# Conditional expectation

• Nov 29th 2009, 11:16 PM
yavanna
Conditional expectation
How can I prove that if
$\displaystyle (X_{n})_{n \geq 1}$ are i.i.d. and $\displaystyle S_{n}=X_{1}+X_{2}+...+X_{n}$
then
$\displaystyle \mathbb{E}(X_{1}|S_{n},S_{n+1},...)=\frac{S_{n}}{n }, \forall n=1,2,...$?
• Nov 30th 2009, 12:24 AM
Moo
Hello,
Quote:

Originally Posted by yavanna
How can I prove that if
$\displaystyle (X_{n})_{n \geq 1}$ are i.i.d. and $\displaystyle S_{n}=X_{1}+X_{2}+...+X_{n}$
then
$\displaystyle \mathbb{E}(X_{1}|S_{n},S_{n+1},...)=\frac{S_{n}}{n }, \forall n=1,2,...$?

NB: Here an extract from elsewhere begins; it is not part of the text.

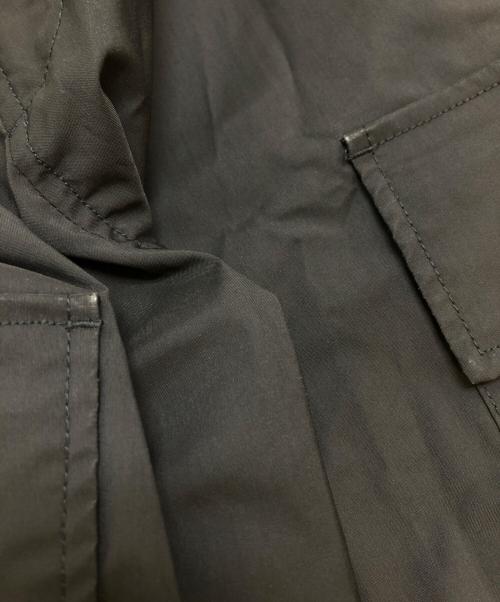 UNITED TOKYO（ユナイテッドトーキョー）UNITED TOKYO (ユナイテッドトーキョー) HIGH-SPEC WOOL カーゴパンツ ブラック サイズ:1の古着・服飾アイテム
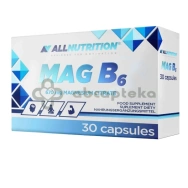 Allnutrition Mag B6, 30 kapsułek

First prove that $\displaystyle \forall k=1\dots n ~,~ \text{ the } (X_k,S_n)$ follow the same distribution
(not very difficult since the rv's are iid)

Then we have, for any bounded (measurable) function f, and for $\displaystyle j\neq k$, $\displaystyle E[E[X_k|S_n]f(S_n)]=E[X_kf(S_n)]=E[X_jf(S_n)]=E[E[X_j|S_n]f(S_n)]$

So $\displaystyle E[X_k|S_n]=E[X_j|S_n]$ almost surely.

Thus $\displaystyle E[X_k|S_n]=\frac 1n \cdot \sum_{j=1}^n E[X_j|S_n]=\frac 1n \cdot E[S_n|S_n]=\frac{S_n}{n}$